(Supplied material)
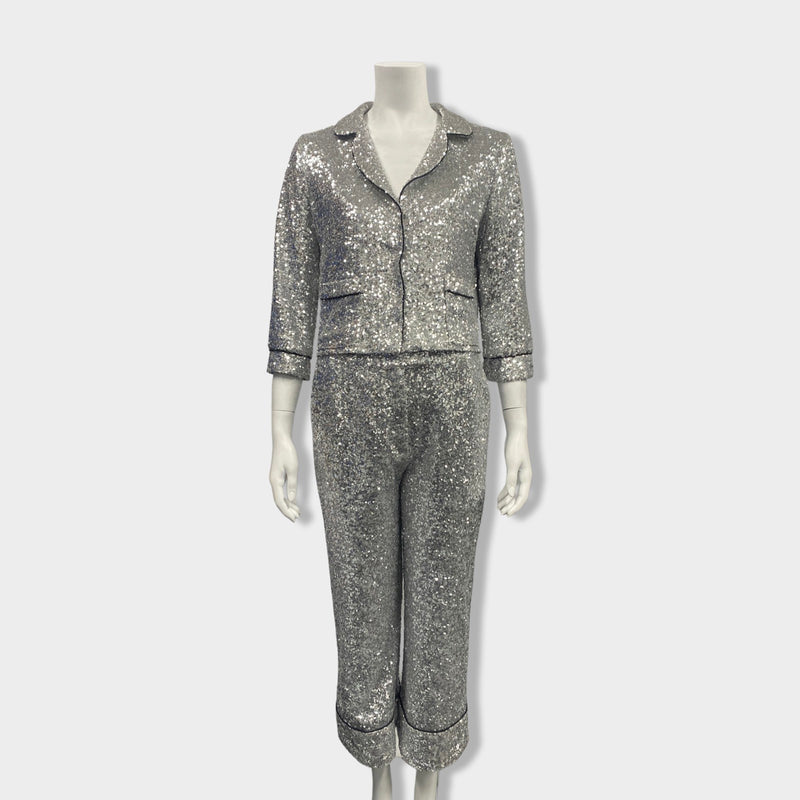 pre-owned ITMFL silver sequined set of blouse and trousers | Size S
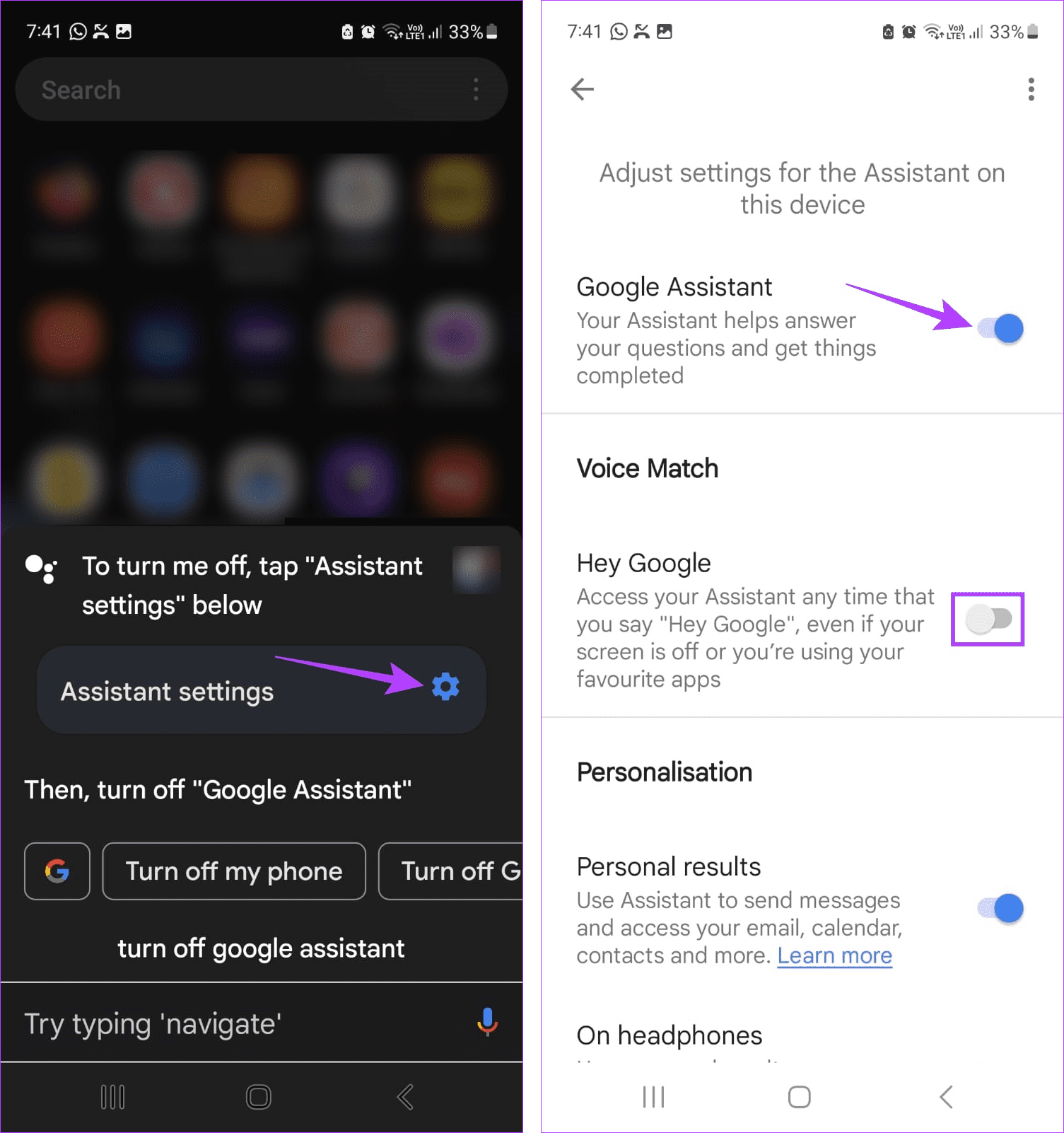 Turn off the Google Assistant
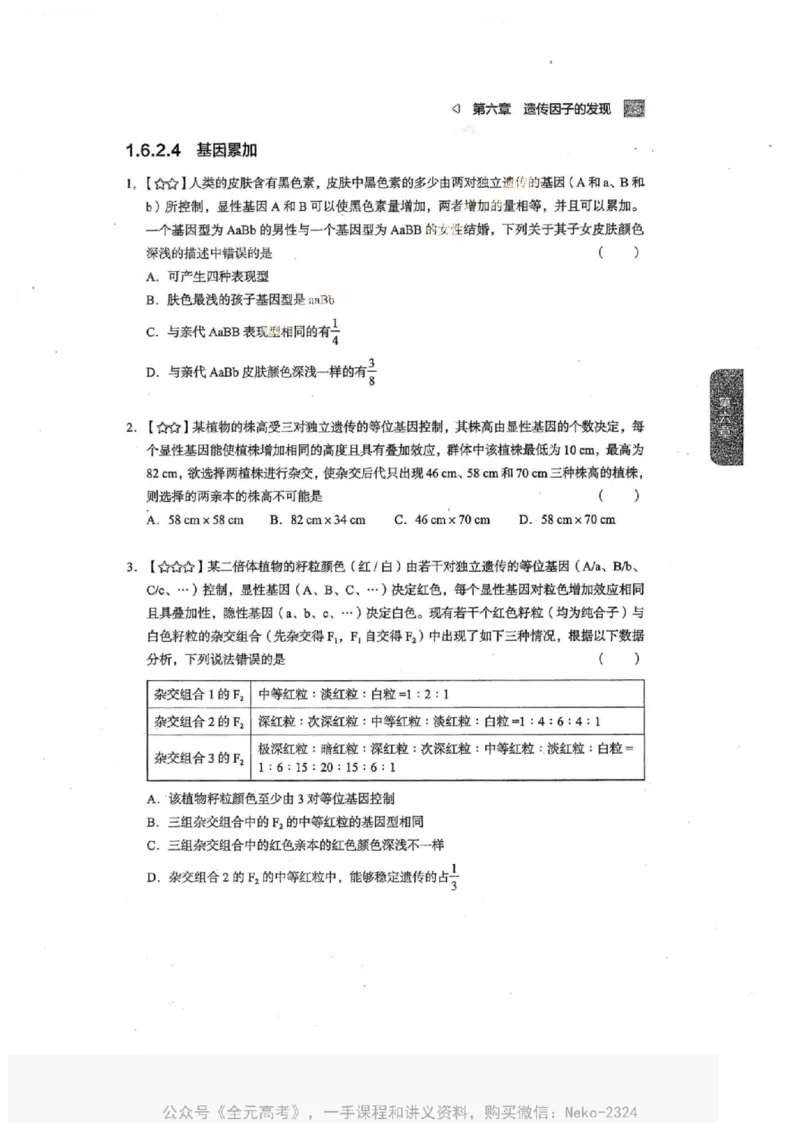 2024万猛生物一轮习题@_2024-2025高三（6-6月题库）_2024年09月试卷_万猛
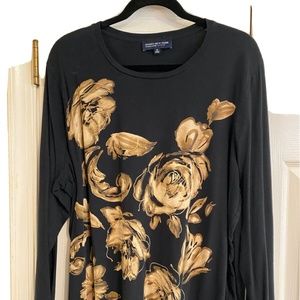Jones New York Signature Women's Long Sleeve Tan Floral Tee Black 2X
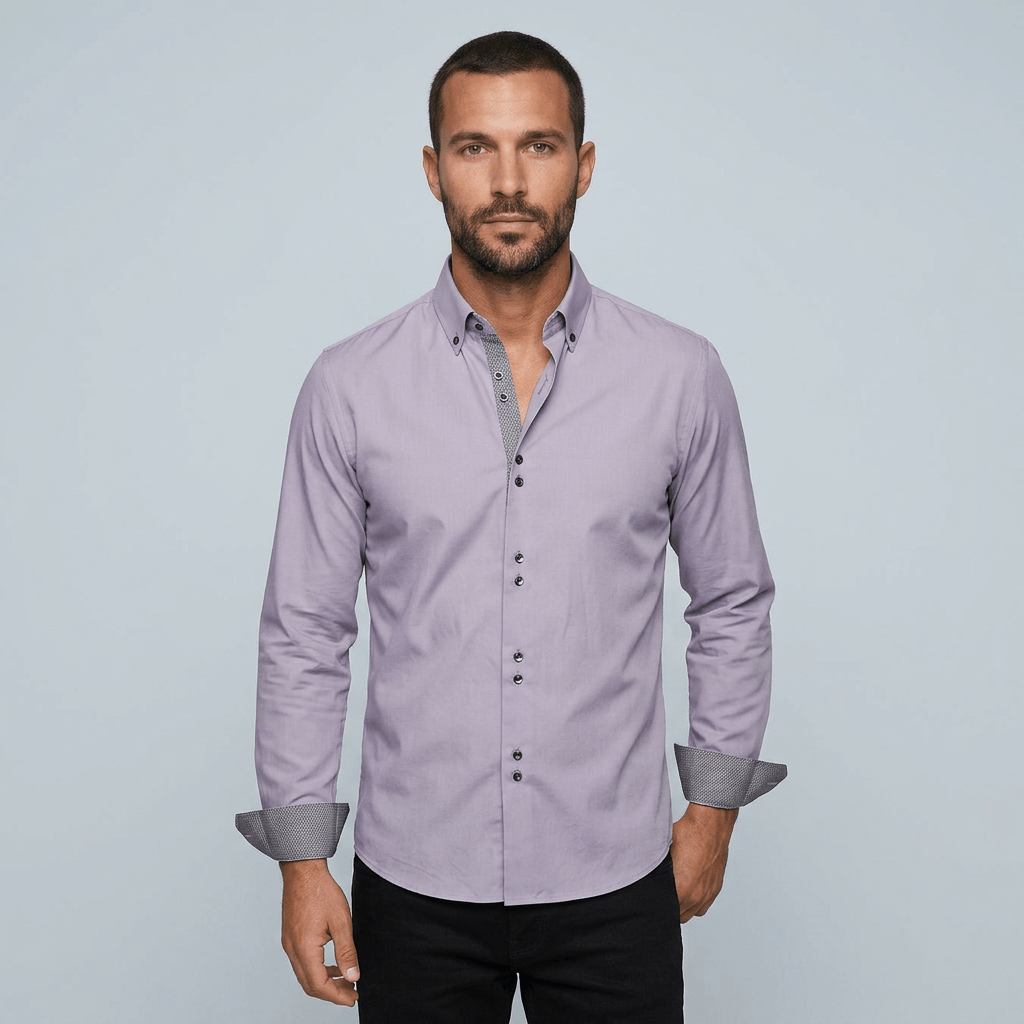 Maqiato | Men's Slim Fit Contrast Trim Button Down Shirt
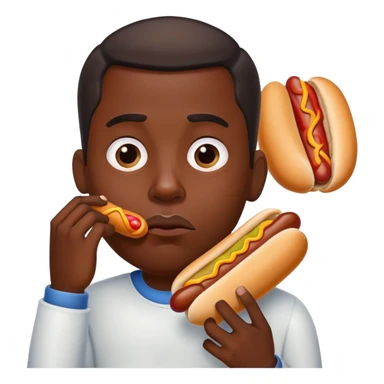 A disappointed black guy eating a hotdog sticker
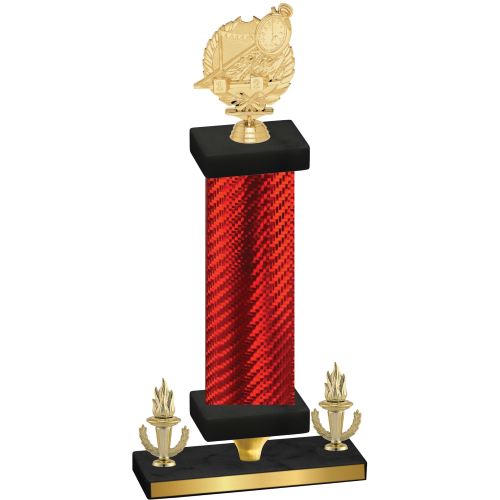 Premium Single Red Carbon Fiber Victory Swimming Trophy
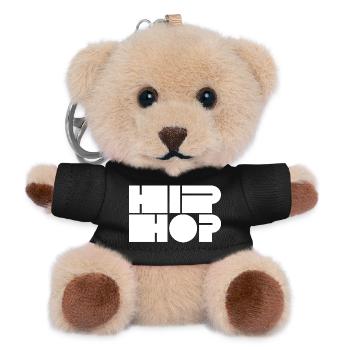 Hip-Hop-Blocktypografie - Teddy Schlüsselanhänger - Schwarz - Vorne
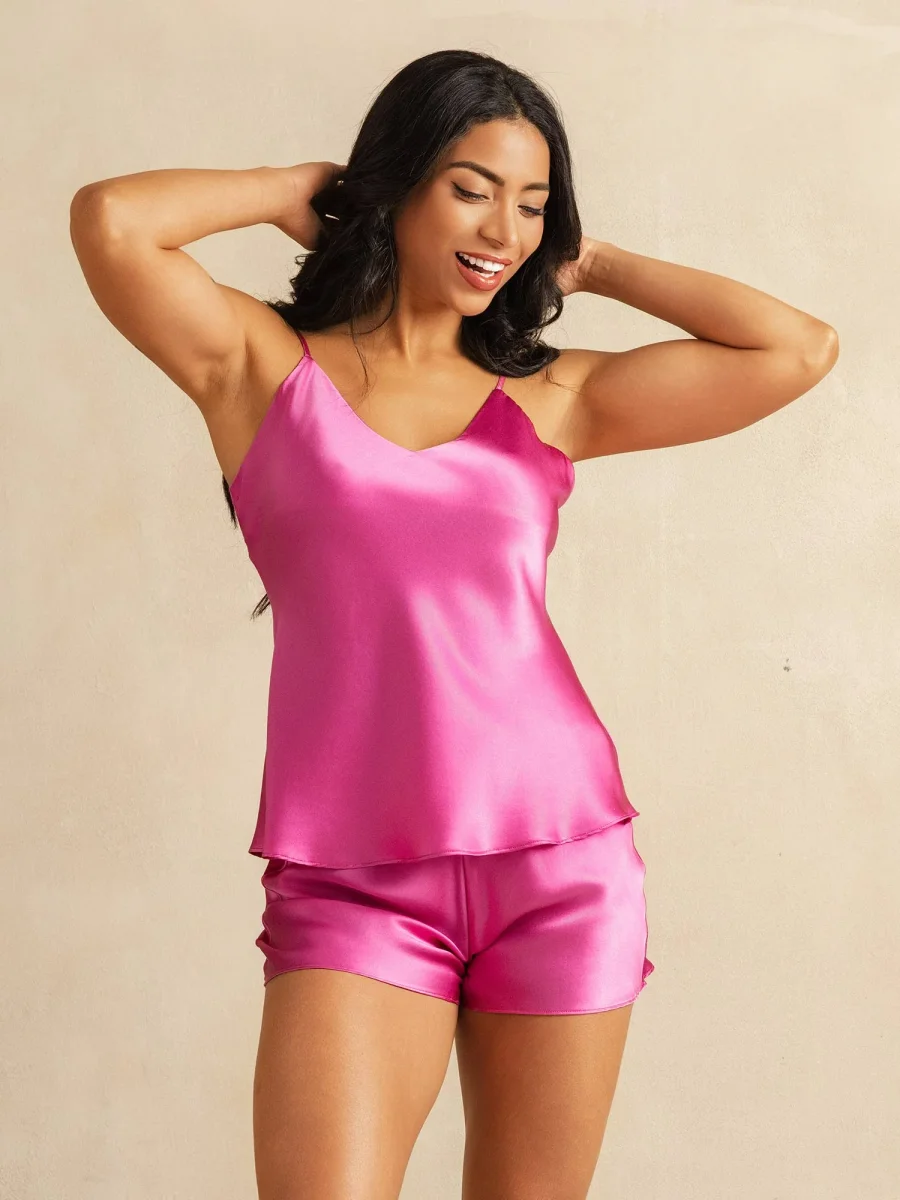 Conjunto de pijama de seda con tirantes ajustables - Imagen 4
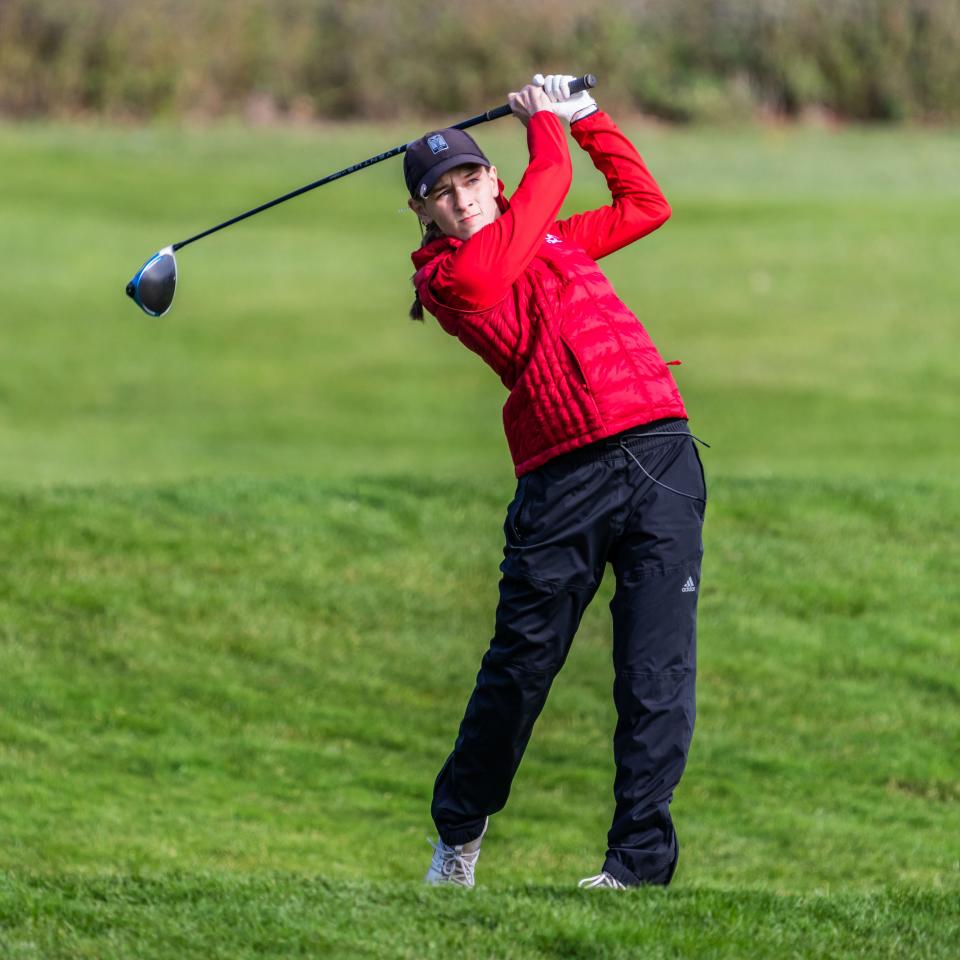 Divine Savior Holy Angels' Ava Roesch drives off tee No. 1 during day two of the the 2023 WIAA state girls golf tournament at University Ridge in Madison on Tuesday, October 10.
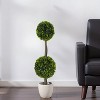 Artificial Topiary Boxwood Tree Double Ball with Pot - 4 of 4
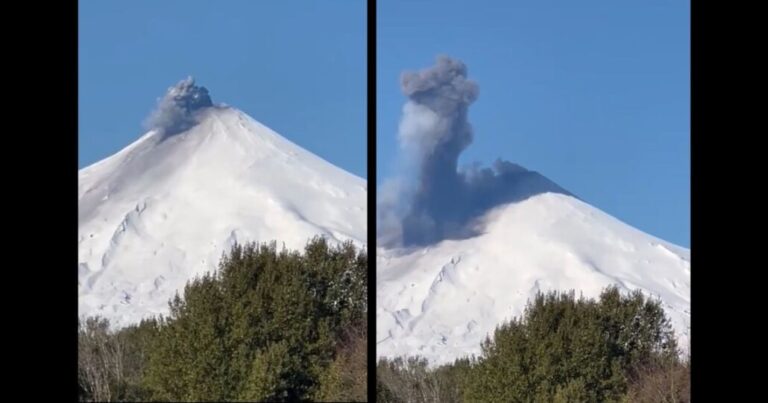 Senapred decretó alerta amarilla para cuatro comunas cercanas al Volcán Villarrica por registros de actividad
(End Supplied material)
## Task to carry out
Begin at the first line of the entries and end at the line containing "Artificial Topiary Boxwood": write out each line exactly, skipping pictures.

## Answer to this exercise
 pre-owned ITMFL silver sequined set of blouse and trousers | Size S
 Turn off the Google Assistant
 2024万猛生物一轮习题@_2024-2025高三（6-6月题库）_2024年09月试卷_万猛
Jones New York Signature Women's Long Sleeve Tan Floral Tee Black 2X
 Maqiato | Men's Slim Fit Contrast Trim Button Down Shirt
 A disappointed black guy eating a hotdog sticker
 Premium Single Red Carbon Fiber Victory Swimming Trophy
 Hip-Hop-Blocktypografie - Teddy Schlüsselanhänger - Schwarz - Vorne
 Conjunto de pijama de seda con tirantes ajustables - Imagen 4
 Divine Savior Holy Angels' Ava Roesch drives off tee No. 1 during day two of the the 2023 WIAA state girls golf tournament at University Ridge in Madison on Tuesday, October 10.
 Artificial Topiary Boxwood Tree Double Ball with Pot - 4 of 4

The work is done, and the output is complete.